The discipline suits him. São Tomé and Príncipe, a former Portuguese colony straddling the equator, is one of Africa’s most biodiverse nations, home to rare endemic species found nowhere else on earth. Lauro intends to take what he has learned back home. His priority: marine conservation and deforestation, both urgent on islands where the ocean and the forest are not scenic backdrops, but the engine of an entire ecosystem.
“Marine resources are not infinite. If not managed well, they may disappear, along with the endemic species that depend on them.”
For Dr. Sam, the deeper lesson of Lauro’s journey is institutional. Universities, she argues, often speak about international students in terms of numbers, diversity figures, and enrolment statistics, while underestimating the emotional architecture that determines whether those students stay, thrive, or quietly disappear.
“The student should never be thrown in the ocean to either swim or drown. They must be made to feel appreciated and accepted, to feel at home while navigating their new environment. The support must be holistic, not just academic.”

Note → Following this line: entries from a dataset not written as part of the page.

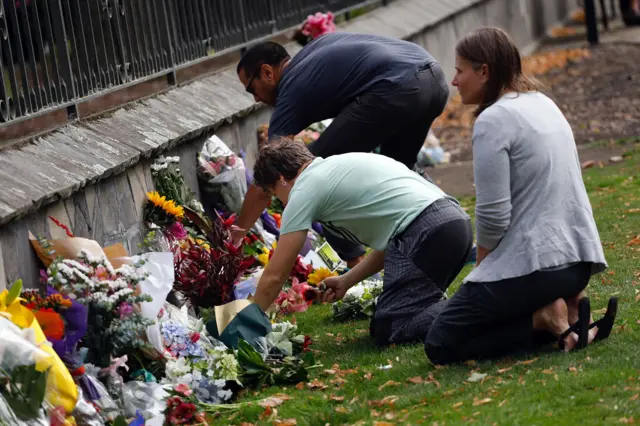 tributes in christchurch botanical gardens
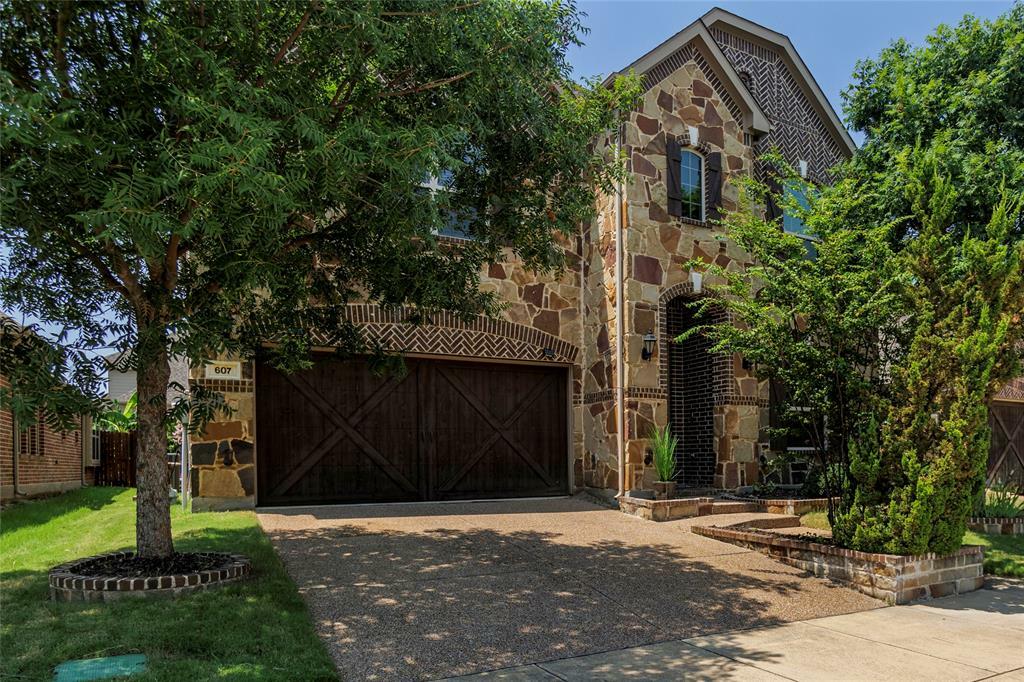 Property Photo:  607 Whitetail Road  TX 76039 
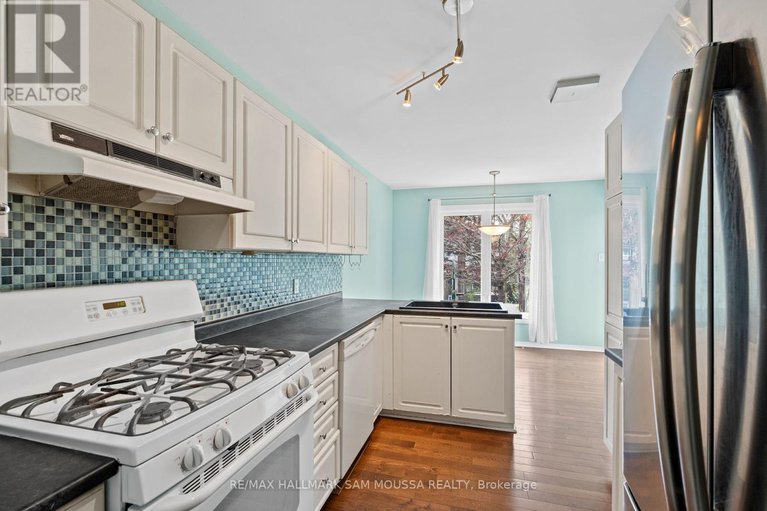 28323981/11-highmont-court/kanata-lakesheritage-hills/ottawa/ontario/K2T1B3_10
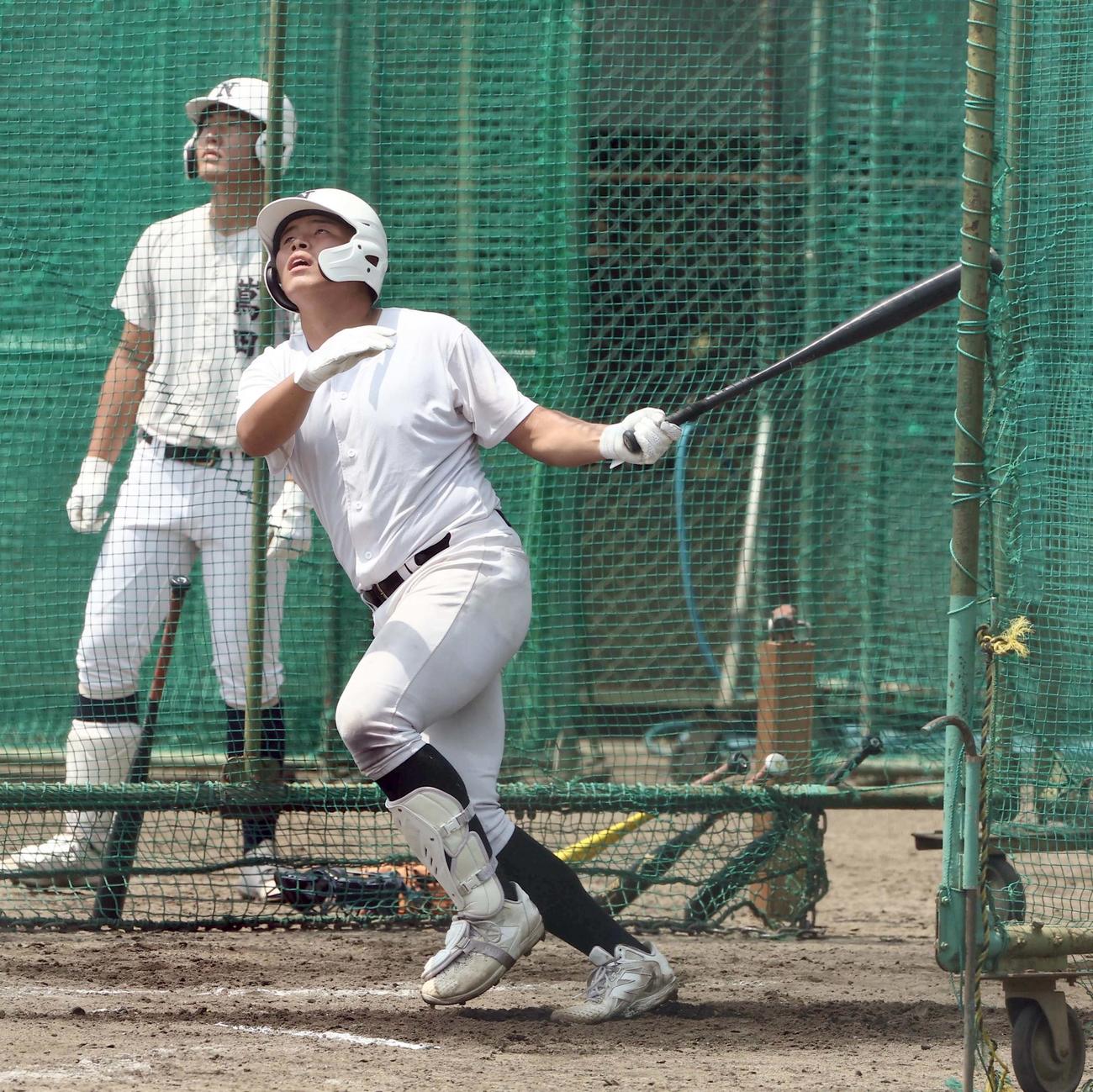 打撃練習をする日大三・田中（撮影・上田博志）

It is a call that echoes Petersen’s own experience as a student leader, one who watched classmates question Lauro’s accent, and some mock it, while Lauro kept walking up to the next person until his message got through.
“He never stopped talking because of the language barrier. He made sure his messages were delivered. The resilience is epic. We need to develop real cross-cultural literacy programmes at this university.”

Lauro is now pursuing his 1-year Honours degree in Ecology & Biodiversity Conservation (NQF Level 8) driven, he says, by a scientist’s instinct to keep going further, to find solutions to problems. Asked what he would tell the younger version of himself who stood outside that Administration Building, uncertain and silent, he does not hesitate.
“Do not give up.”
For Dr. Sam, who has since moved into the lecture hall but still carries the belief that shaped her years in student support, Lauro’s graduation is proof of a simple principle: that a university willing to listen, adapt, and assign one caring human being to walk alongside a stranger can change the trajectory of a life – and, in time, of an island.
“Lauro is a perfect example of a journey that will attract more students from his country. This is a student who never gave up because the system allowed him to succeed. UNAM is the place for all students, and this is the UNAM we all want.”
Photo Caption: Lauro Almeida, the first student from São Tomé and Príncipe to study at the University of Namibia, pictured with Petersen Nghiyoonanye at the UNAM Main Campus in Windhoek.